▶ _Raw data_
------------------------

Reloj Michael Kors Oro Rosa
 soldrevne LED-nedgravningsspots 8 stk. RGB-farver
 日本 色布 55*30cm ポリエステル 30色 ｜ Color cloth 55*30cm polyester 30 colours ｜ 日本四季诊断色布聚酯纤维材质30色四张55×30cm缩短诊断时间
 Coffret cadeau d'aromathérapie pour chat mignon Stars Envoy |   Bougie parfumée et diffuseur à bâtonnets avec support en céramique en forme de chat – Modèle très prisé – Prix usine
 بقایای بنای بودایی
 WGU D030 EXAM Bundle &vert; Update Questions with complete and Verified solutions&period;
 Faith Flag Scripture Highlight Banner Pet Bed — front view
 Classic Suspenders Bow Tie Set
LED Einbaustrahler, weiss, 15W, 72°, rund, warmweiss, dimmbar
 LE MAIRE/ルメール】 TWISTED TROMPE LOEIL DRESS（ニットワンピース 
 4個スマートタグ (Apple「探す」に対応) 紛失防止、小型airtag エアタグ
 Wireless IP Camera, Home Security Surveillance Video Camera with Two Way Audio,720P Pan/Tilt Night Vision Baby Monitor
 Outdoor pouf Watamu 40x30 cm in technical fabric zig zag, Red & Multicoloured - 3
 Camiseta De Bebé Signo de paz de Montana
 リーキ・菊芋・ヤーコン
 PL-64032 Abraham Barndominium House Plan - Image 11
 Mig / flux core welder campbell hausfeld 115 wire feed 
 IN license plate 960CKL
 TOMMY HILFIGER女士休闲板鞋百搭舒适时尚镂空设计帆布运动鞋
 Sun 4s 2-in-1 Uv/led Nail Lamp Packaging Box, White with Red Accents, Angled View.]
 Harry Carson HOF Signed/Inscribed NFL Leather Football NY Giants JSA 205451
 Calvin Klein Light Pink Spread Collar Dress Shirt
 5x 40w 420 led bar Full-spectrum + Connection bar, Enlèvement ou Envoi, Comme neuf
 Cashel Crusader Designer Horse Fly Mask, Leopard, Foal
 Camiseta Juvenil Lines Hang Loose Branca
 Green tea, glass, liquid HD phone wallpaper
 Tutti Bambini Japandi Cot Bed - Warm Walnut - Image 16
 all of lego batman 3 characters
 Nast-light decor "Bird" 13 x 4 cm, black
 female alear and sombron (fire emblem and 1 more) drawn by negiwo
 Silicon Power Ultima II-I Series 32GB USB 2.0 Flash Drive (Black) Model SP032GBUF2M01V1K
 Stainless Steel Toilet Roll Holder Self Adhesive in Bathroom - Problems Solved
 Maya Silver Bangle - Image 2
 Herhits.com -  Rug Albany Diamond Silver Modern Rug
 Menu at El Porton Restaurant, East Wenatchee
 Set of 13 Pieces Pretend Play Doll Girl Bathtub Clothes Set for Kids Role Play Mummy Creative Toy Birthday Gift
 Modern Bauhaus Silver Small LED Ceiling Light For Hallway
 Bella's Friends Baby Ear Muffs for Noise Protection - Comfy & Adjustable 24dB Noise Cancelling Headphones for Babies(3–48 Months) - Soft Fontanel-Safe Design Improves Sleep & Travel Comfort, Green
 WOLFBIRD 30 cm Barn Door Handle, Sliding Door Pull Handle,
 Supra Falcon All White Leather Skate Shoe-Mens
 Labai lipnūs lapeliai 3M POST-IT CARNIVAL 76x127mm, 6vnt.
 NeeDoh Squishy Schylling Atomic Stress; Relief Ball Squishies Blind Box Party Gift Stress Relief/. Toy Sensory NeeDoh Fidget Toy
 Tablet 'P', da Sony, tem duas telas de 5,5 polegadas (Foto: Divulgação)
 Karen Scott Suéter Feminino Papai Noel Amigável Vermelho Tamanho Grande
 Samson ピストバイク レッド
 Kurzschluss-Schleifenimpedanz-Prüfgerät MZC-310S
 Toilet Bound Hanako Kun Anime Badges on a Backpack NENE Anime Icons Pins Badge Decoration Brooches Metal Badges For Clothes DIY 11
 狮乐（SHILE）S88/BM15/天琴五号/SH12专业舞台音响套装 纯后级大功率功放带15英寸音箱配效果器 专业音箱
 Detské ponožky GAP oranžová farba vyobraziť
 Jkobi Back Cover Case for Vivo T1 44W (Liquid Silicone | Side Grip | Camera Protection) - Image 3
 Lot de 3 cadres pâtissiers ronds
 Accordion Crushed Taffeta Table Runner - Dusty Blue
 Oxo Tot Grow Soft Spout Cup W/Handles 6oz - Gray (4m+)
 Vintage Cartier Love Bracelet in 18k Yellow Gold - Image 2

------------------------

▶ _Prompt_
Everything from the line containing "Kurzschluss-Sc" through the end of the entries above should be retyped exactly, and nothing else.

▶ _Response to this task_
 Kurzschluss-Schleifenimpedanz-Prüfgerät MZC-310S
 Toilet Bound Hanako Kun Anime Badges on a Backpack NENE Anime Icons Pins Badge Decoration Brooches Metal Badges For Clothes DIY 11
 狮乐（SHILE）S88/BM15/天琴五号/SH12专业舞台音响套装 纯后级大功率功放带15英寸音箱配效果器 专业音箱
 Detské ponožky GAP oranžová farba vyobraziť
 Jkobi Back Cover Case for Vivo T1 44W (Liquid Silicone | Side Grip | Camera Protection) - Image 3
 Lot de 3 cadres pâtissiers ronds
 Accordion Crushed Taffeta Table Runner - Dusty Blue
 Oxo Tot Grow Soft Spout Cup W/Handles 6oz - Gray (4m+)
 Vintage Cartier Love Bracelet in 18k Yellow Gold - Image 2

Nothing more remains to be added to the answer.